Stephen F. Austin State University

First Presbyterian Church-Marshall

310 N. Fulton, Marshall

Sanborn Maps

TX Historical Marker

First Presbyterian Church of Marshall recieved a TX Historical Marker in 1963.

Architectural Survey

Architectural Survey

• Description: The 1883 First Presbyterian Church is a Gothic Revival architectural structure, styled after the order of the old English church, with Gothic Scottish elements. The wood work, such as the roof, windows, and the pulpit stand, are made from native pine. The windows are fitted with cathedral glass in many colors.

• Significance: Unique design due to its Scottish elements, and the first Presbyterian congregation in Marshall.

Historical Background

The Reverend James Gallaher was sent by the Board of Domestic Missions of the Presbyterian Church to East Texas and arrived in Harrison County in January, 1845. Although he only stayed three months, he organized the county's first Presbyterian congregation which consisted of fourteen members.
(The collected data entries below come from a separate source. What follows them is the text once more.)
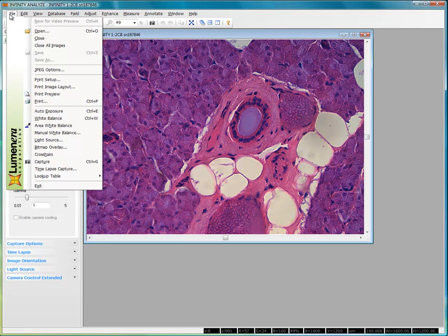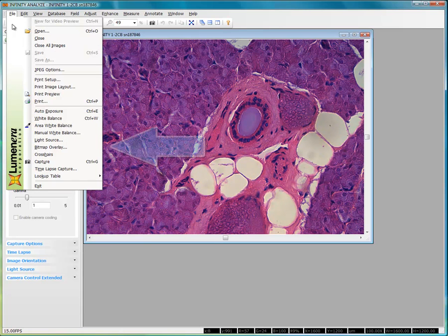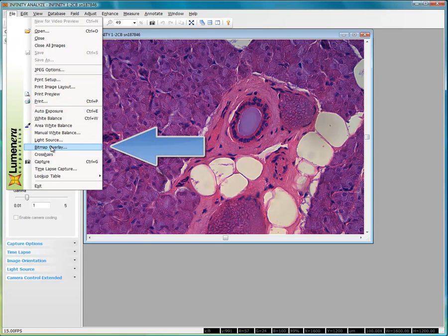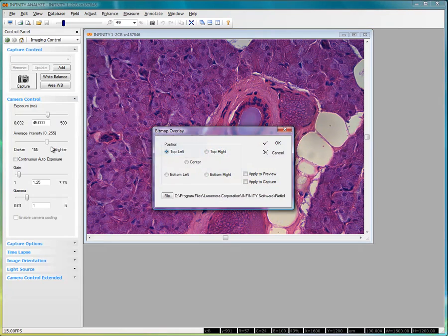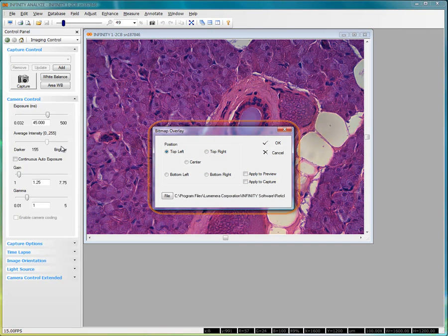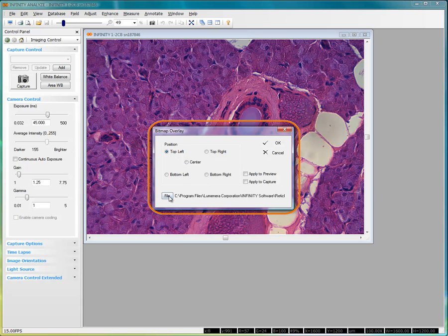We can begin with the file menu where the option to enable the bitmap overlay is located. Selecting the item from the drop-down menu results in the dialog box being presented.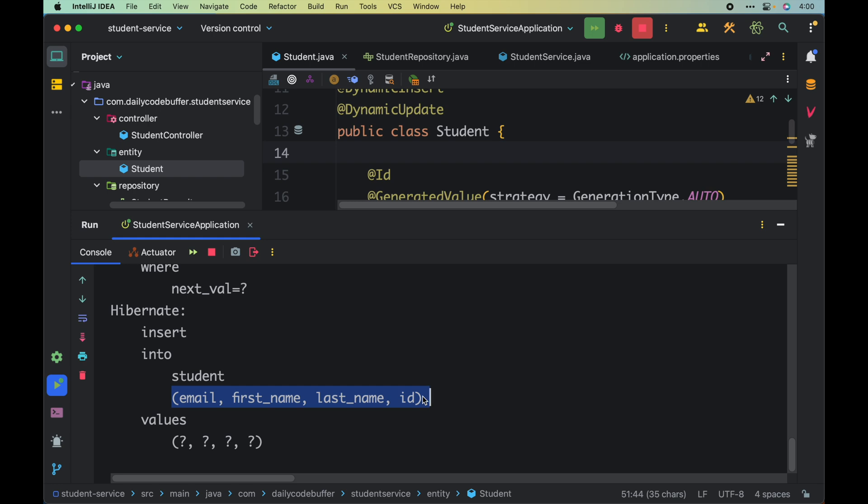This same behavior applies for update statements when using @DynamicUpdate. The advantages of dynamic insert and dynamic update: when you have a huge table with hundreds of columns and you're only passing 10 or 15, it will generate a query with only those columns rather than all 100. It also helps achieve an audit trail — when you update only specific fields, the changes are precisely tracked.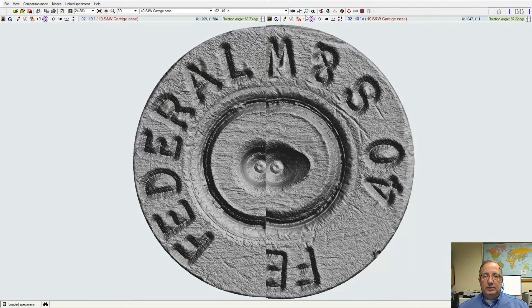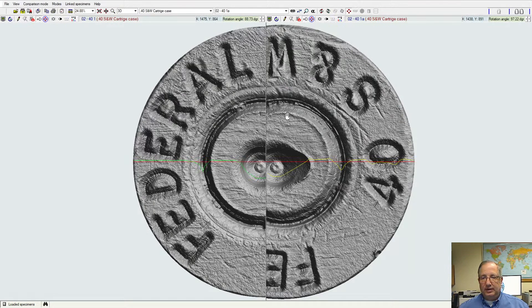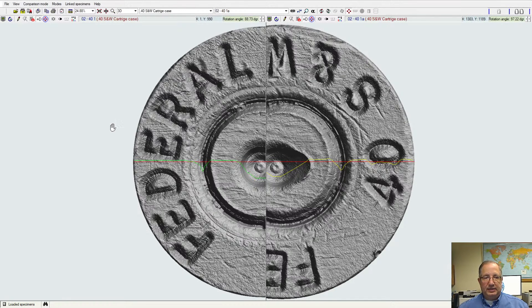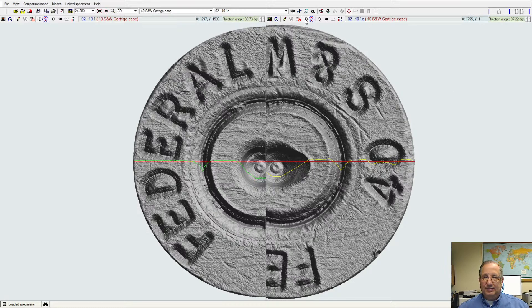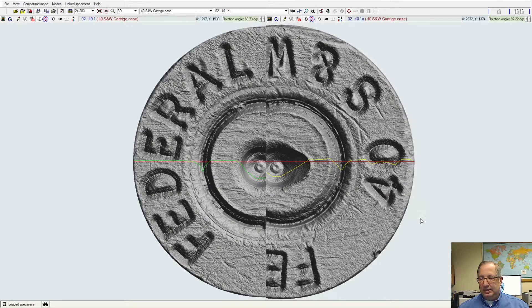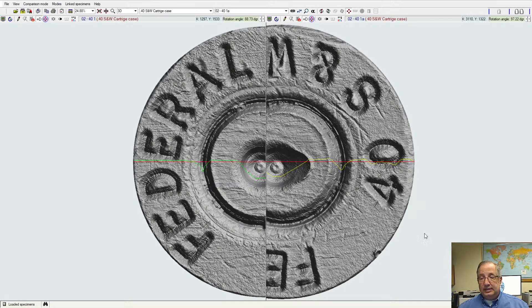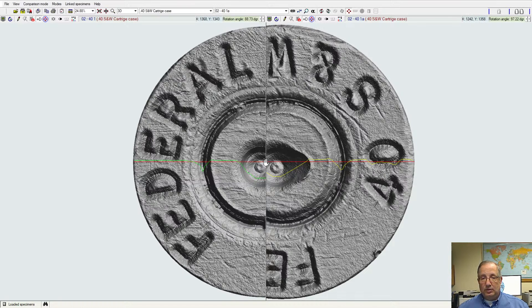One other function that we have here is we can see a cross-sectional profile of the samples that we're working with. So using this plus D function or added dimension, I get a second view of the face of the cartridge case, and you'll see a cutoff that occurs where this one red line is on the sample image.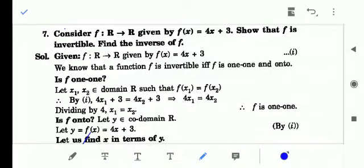Hello everyone, this is S.K. Singh from DPS method refinery. Dear children, we will solve a few more questions based on the concept of relations and functions by another method, method number one.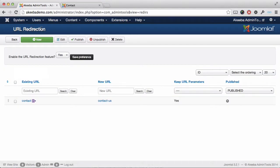You should create new URL redirections for all the links that existed on your old site that have now changed on your current site.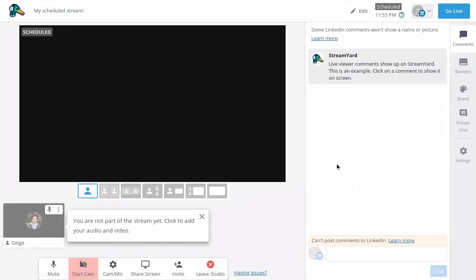Whenever you're ready, add yourself to the stream and hit the go live button. Those are the basics of scheduling your very first LinkedIn live stream. We can't wait to see you go live.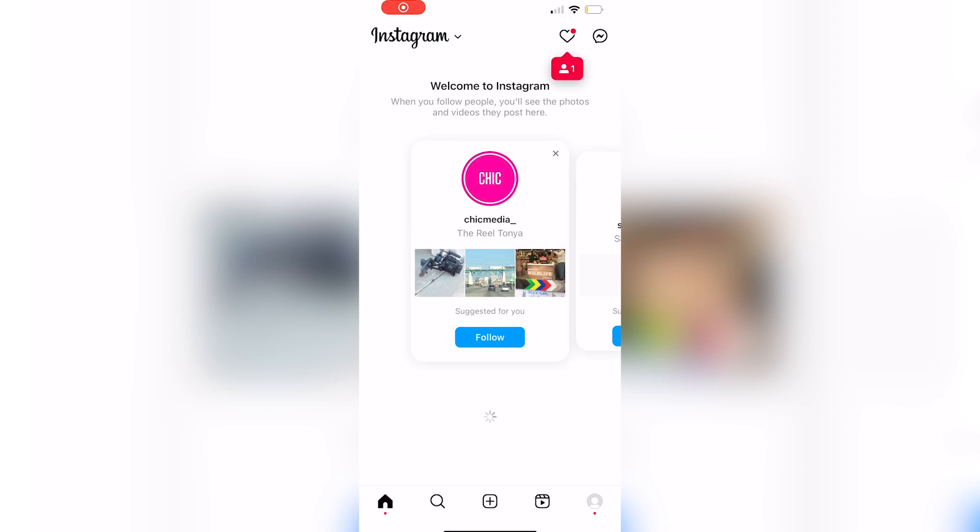In this video I'm going to be showing you how to fix Instagram hashtags that are not showing up on your post. Be sure to watch this video until the very end to prevent any mistakes in the process.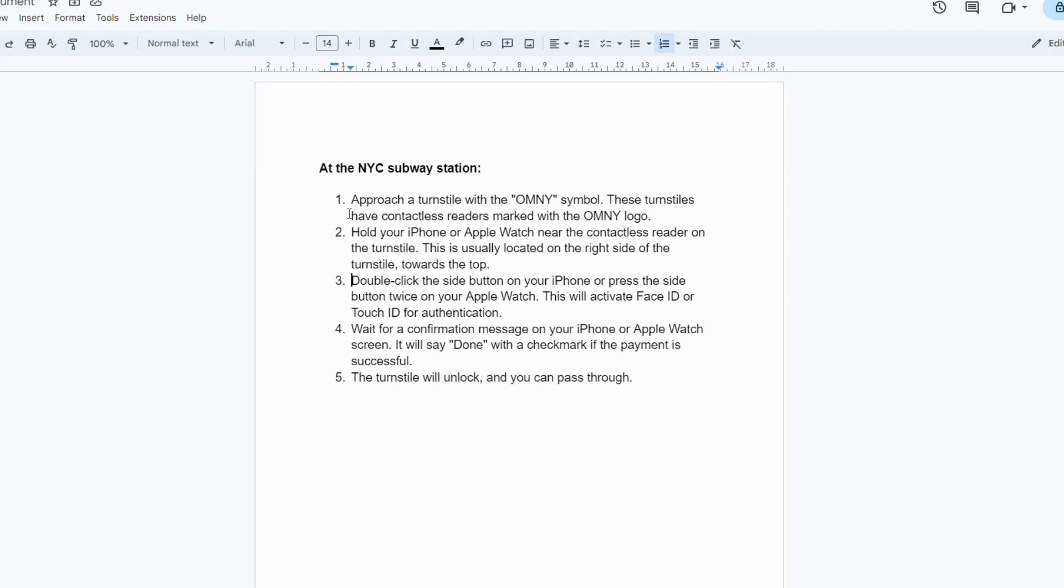Hello guys, welcome to my channel. In this video, I am going to show you how to use Apple Pay at NYC Subway. It is a fast and easy tutorial, so let's dive into it. Before you begin,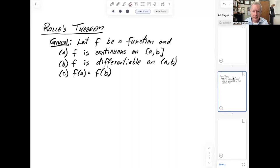Welcome, this is Coach Dorff. We're going to continue our discussion about calculus. Today we're going to talk about the mean value theorem. Before we get into the mean value theorem, which is a very important theorem in calculus, we're going to talk about a preliminary theorem called Rolle's theorem.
This fellowship only lasted for a short time but provided a foundation upon which other ministers could build. In 1850, an organizational meeting was held under the leadership of the Reverends M.W. Staples and P.W. Warriner at Wyalucing, the plantation home of Col. B.L. Holcombe. In 1851, before the completion of Harrison County's Courthouse, the congregation received permission from the sheriff to use the public building as a meeting place.
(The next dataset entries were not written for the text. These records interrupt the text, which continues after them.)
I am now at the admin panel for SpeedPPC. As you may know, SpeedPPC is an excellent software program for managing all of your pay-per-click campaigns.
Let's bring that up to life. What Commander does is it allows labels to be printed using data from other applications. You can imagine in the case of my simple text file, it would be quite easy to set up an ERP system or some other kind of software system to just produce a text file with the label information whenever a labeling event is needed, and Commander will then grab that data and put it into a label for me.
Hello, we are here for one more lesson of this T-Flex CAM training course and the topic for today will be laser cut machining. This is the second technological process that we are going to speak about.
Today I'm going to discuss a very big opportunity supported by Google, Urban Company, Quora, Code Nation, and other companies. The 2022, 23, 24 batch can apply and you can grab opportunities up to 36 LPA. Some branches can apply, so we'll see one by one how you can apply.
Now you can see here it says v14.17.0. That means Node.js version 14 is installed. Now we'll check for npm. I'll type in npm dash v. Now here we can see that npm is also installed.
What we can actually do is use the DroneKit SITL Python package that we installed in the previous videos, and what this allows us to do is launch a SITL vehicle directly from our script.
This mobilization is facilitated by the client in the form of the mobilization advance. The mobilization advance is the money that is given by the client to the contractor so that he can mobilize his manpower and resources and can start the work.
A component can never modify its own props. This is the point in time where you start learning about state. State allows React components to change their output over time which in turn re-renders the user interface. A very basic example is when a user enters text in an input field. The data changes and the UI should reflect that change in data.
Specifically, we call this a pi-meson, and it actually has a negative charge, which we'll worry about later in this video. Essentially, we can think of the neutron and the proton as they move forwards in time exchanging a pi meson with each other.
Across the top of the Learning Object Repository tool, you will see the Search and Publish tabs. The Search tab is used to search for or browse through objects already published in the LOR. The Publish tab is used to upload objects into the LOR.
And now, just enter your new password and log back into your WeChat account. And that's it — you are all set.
Fund-raising began that same year for a permanent church house, but due to financial problems and the onset of the Civil War, those efforts were not realized until 1884. The Ladies Sewing Society, which was organized to make items for charity and to assist in financing the work of the church through fund raising activities were largely responsible for procuring the money for the church site in 1883, which was followed by a completed building ten months later. Another major contributor included Major John F. Dickson, an Irish immigrant and private entrepreneur who superintended the planning and construction of the building, as well as planted the surrounding trees that still stand in 2013. The designer and builder of the First Presbyterian Church was William Forslund, a Marshall architect. (Marshall News Messenger, "Early History of First Presbyterian Church is Contemporary With the Citys'," Friday, February 17, 1922, p.6)
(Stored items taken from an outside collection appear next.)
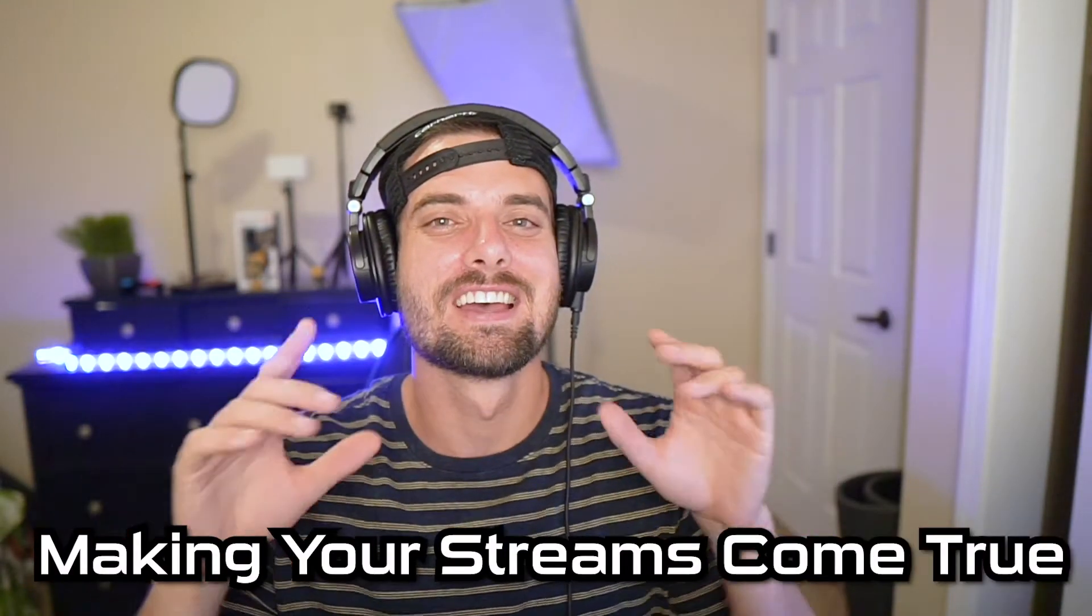YouTube, what's going on? Streamers Playbook here, and I'm here to make your streams come true. In today's video, I'm going to show you how to enable auto-hosting on Twitch. Auto-hosting is great for networking.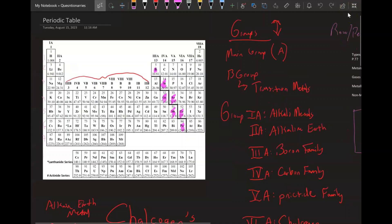Good morning everyone. Our focus for the first week and a half is going to be naming compounds and working with the various rules. Before we get into details about ionic, covalent, and all that, I want to just introduce the periodic table and get you acclimated to what you're going to need to know from it and how to use it.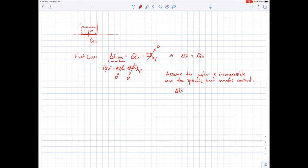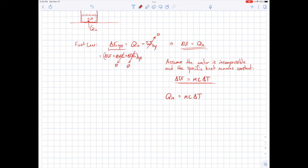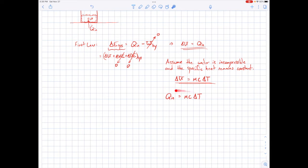With those two assumptions, the change in internal energy of the water equals the mass of the water times the specific heat times the change in temperature. Combining the first law with our assumptions gives us: heat transfer Q equals mass times specific heat times delta T. Keep in mind this equation required assuming no work, no changes in kinetic and potential energy, and that the water is incompressible with a constant specific heat. The first law is true in general, but this simplified form only holds under these specific assumptions.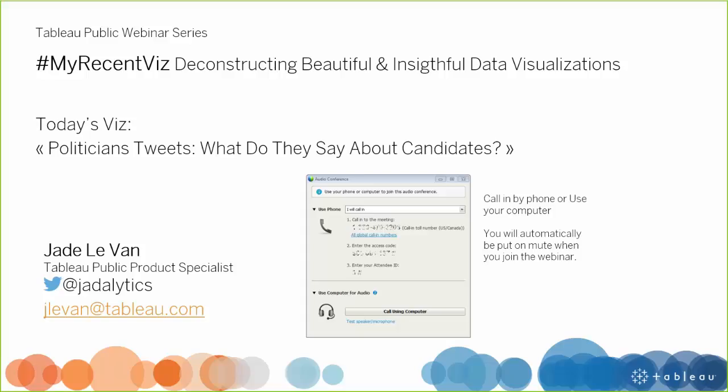Hello, good morning everyone. I'm Jade from the Tableau Public team. I'm based in Paris so it's actually a good afternoon for me and I wish good evening to anyone in Asia if some participants are from there. I'm super happy to conduct this webinar today and I see there are quite a few of you so that's really great.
Primarily Gothic Revival architecture, the Church contains some Scottish style elements seen in the Celtic cross on the steeple, the small windows, and the original red brick exterior. The primary doors along the outside are protected by a vestibules and a tower rises above the main entrance. The roof line is broken up by gables and the side walls are relieved by buttresses. The floor is raised by gradual incline to the rear of the auditorium, and below is the recess for the choir. A pipe organ was installed in 1909, which moved the choir to the front of the church. Due to cracks in the wall and plaster, hand-carved wooden plaques, made by Reverend J.E. McLean (pastor from 1893-1906) were mounted over the entrances to the choir loft as a low cost renovation solution.

Other than two major renovations, the church remains as it was in 1884. A new Sunday school chapel was built in 1915 and in 1949, the sanctuary was enlarged and an educational building was added. Both were built within the same architectural styles. (First Presbyterian File, Harrison County Historical Museum Archives).